Your goal →
Pictures stay out, but every line of the data is copied exactly.

▼

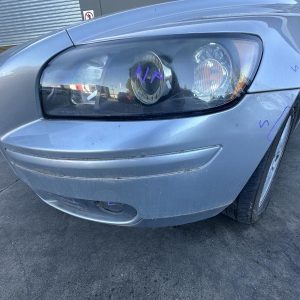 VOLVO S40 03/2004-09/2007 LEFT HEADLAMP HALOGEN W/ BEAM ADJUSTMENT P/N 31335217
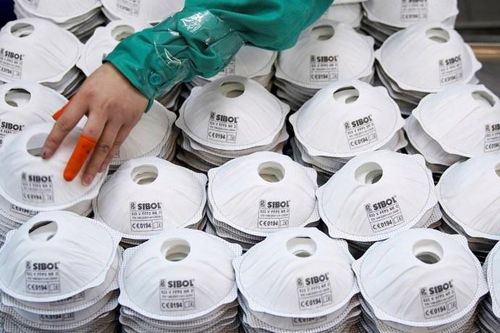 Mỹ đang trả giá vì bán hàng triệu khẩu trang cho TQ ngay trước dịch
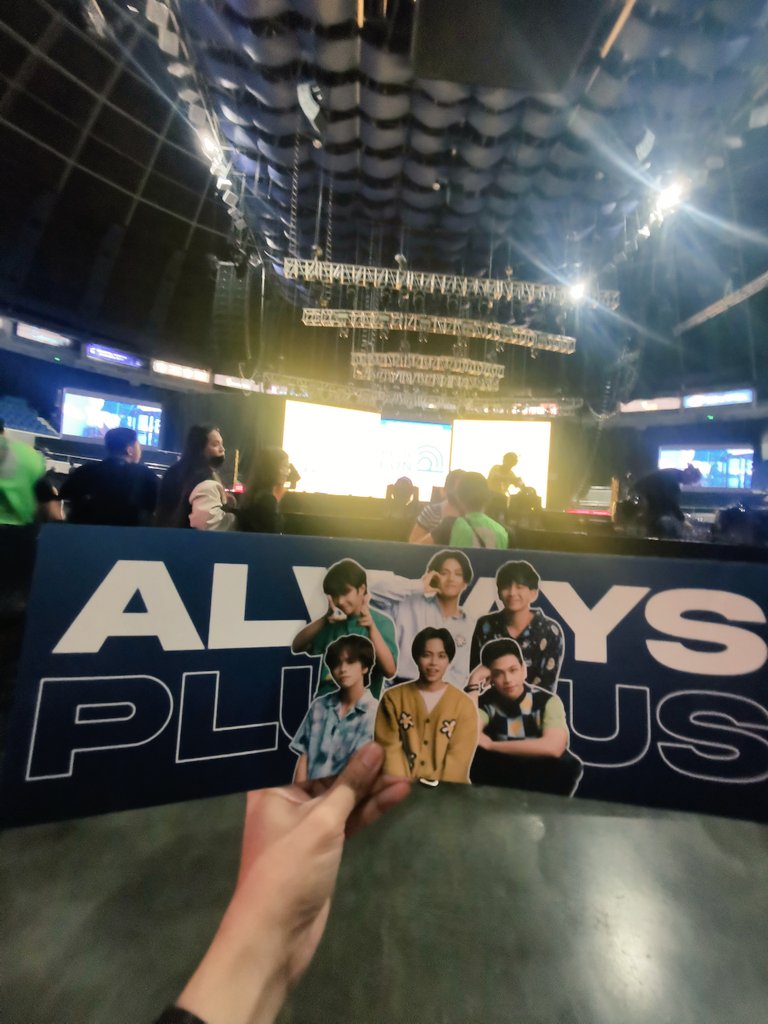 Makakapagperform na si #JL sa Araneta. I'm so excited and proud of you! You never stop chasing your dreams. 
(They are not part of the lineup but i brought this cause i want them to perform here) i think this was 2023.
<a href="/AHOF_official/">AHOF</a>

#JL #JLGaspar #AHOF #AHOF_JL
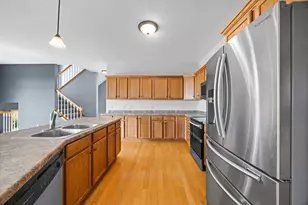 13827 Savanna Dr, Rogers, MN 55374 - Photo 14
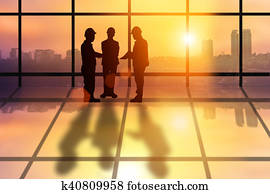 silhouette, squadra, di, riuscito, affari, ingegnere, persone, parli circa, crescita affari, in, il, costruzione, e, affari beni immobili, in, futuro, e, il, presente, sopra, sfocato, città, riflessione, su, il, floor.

▲

Your solution →
 VOLVO S40 03/2004-09/2007 LEFT HEADLAMP HALOGEN W/ BEAM ADJUSTMENT P/N 31335217
 Mỹ đang trả giá vì bán hàng triệu khẩu trang cho TQ ngay trước dịch
 Makakapagperform na si #JL sa Araneta. I'm so excited and proud of you! You never stop chasing your dreams. 
(They are not part of the lineup but i brought this cause i want them to perform here) i think this was 2023.
<a href="/AHOF_official/">AHOF</a>

#JL #JLGaspar #AHOF #AHOF_JL
 13827 Savanna Dr, Rogers, MN 55374 - Photo 14
 silhouette, squadra, di, riuscito, affari, ingegnere, persone, parli circa, crescita affari, in, il, costruzione, e, affari beni immobili, in, futuro, e, il, presente, sopra, sfocato, città, riflessione, su, il, floor.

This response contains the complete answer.